[Exercise data — start]

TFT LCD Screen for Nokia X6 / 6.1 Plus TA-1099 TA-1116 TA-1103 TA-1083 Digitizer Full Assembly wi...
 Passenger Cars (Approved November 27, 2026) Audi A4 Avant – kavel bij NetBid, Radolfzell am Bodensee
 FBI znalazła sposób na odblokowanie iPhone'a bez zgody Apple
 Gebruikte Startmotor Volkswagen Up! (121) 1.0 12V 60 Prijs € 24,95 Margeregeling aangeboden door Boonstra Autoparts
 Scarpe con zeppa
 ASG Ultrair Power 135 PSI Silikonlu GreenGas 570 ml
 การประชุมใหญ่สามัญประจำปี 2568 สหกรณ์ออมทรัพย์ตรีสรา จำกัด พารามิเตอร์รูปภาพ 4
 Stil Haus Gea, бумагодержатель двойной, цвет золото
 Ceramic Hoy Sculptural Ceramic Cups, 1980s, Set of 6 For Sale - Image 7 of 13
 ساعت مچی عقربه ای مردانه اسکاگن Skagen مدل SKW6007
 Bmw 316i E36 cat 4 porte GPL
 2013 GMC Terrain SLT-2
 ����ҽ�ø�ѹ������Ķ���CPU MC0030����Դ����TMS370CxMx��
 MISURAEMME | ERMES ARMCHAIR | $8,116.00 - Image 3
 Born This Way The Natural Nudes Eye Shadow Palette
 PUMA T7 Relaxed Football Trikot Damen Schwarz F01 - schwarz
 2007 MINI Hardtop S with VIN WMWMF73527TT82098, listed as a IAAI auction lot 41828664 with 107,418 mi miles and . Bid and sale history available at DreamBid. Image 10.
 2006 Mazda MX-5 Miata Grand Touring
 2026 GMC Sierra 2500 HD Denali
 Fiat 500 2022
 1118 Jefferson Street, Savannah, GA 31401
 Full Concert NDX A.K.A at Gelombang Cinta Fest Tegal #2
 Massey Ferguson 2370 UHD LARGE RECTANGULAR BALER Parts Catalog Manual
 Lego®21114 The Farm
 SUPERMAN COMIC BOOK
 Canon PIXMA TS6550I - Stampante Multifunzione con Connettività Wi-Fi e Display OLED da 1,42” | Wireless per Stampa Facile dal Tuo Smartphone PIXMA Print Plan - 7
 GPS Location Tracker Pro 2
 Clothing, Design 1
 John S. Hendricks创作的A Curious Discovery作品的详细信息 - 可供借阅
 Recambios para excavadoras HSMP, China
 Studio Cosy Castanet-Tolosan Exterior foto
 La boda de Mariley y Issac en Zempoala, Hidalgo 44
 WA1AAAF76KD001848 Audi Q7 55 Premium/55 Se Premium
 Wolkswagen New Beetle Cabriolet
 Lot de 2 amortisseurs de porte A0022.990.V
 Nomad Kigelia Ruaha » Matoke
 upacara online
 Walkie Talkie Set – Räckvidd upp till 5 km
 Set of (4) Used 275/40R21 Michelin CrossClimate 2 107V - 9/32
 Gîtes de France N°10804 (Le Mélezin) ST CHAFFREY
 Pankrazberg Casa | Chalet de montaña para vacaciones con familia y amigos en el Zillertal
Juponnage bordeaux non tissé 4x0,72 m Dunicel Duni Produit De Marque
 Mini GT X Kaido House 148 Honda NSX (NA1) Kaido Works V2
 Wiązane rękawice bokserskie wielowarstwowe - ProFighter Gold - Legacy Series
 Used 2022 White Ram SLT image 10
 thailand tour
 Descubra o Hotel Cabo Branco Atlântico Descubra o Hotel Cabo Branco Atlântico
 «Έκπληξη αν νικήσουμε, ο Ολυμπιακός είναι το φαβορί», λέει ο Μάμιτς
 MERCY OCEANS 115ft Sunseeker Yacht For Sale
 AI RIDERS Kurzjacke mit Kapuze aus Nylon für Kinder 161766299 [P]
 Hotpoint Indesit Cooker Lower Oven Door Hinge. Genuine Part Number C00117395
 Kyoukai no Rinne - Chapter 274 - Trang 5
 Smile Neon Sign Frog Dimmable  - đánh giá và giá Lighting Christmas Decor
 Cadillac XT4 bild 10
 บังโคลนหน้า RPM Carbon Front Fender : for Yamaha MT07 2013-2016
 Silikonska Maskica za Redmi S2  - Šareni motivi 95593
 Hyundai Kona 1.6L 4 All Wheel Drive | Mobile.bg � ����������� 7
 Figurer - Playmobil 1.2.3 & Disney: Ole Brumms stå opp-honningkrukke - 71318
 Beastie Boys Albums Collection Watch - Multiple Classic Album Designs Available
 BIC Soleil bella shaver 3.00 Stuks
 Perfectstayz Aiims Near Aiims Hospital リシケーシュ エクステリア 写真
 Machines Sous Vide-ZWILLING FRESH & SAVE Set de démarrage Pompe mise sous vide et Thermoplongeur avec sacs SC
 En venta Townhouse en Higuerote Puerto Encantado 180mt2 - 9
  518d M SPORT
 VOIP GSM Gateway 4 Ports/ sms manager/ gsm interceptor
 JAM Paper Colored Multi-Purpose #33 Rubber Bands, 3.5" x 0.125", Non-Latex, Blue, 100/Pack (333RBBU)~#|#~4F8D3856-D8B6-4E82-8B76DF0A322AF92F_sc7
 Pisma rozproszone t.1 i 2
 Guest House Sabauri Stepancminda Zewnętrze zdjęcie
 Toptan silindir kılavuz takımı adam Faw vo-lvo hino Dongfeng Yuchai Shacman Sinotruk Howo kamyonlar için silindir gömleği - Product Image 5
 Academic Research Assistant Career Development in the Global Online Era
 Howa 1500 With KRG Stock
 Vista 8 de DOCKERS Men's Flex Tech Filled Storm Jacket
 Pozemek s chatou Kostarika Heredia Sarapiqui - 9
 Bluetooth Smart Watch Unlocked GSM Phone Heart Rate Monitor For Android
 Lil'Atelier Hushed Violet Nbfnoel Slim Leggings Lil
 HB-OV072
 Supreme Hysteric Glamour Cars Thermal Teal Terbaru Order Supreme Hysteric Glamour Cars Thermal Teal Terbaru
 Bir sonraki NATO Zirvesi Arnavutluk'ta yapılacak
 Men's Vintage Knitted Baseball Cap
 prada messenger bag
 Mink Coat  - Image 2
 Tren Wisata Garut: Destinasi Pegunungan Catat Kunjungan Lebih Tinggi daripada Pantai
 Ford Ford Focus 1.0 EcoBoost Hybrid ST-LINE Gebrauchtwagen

[Exercise data — finish]

▶ [Problem details]:
Extract exactly the leading lines of the data, stopping at and including the line with "FBI znalazła sposób".

▶ [Answer to this exercise]:
TFT LCD Screen for Nokia X6 / 6.1 Plus TA-1099 TA-1116 TA-1103 TA-1083 Digitizer Full Assembly wi...
 Passenger Cars (Approved November 27, 2026) Audi A4 Avant – kavel bij NetBid, Radolfzell am Bodensee
 FBI znalazła sposób na odblokowanie iPhone'a bez zgody Apple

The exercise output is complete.